▶ **EXERCISE DIRECTIONS**
If a line in the entries below contains "Size", copy it.

▶ **INPUT DATA**
----------

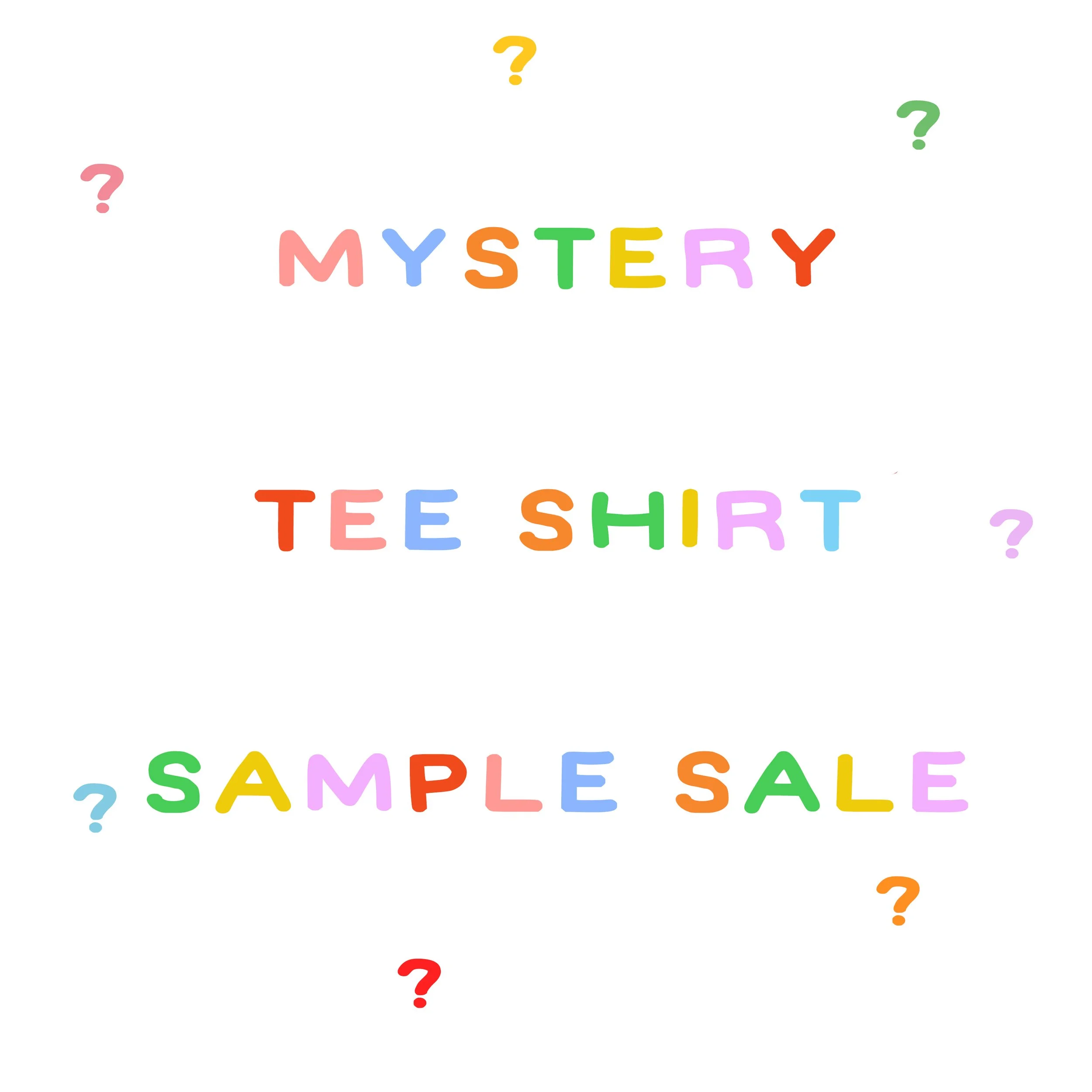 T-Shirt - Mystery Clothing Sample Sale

----------

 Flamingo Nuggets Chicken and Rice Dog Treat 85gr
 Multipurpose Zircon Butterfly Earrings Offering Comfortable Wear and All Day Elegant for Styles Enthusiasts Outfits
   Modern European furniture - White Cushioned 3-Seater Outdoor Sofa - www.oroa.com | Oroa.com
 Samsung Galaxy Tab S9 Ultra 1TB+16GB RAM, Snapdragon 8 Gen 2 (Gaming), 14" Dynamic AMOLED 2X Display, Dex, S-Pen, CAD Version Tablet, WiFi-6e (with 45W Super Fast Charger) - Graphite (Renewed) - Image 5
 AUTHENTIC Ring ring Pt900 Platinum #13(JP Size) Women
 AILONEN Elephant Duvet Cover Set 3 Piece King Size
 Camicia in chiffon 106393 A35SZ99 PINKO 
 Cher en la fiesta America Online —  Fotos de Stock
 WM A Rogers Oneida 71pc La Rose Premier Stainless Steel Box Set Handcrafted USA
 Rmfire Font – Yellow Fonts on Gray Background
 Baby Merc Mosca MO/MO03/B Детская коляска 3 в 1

----------

▶ **WRITTEN SOLUTION**
 AUTHENTIC Ring ring Pt900 Platinum #13(JP Size) Women
 AILONEN Elephant Duvet Cover Set 3 Piece King Size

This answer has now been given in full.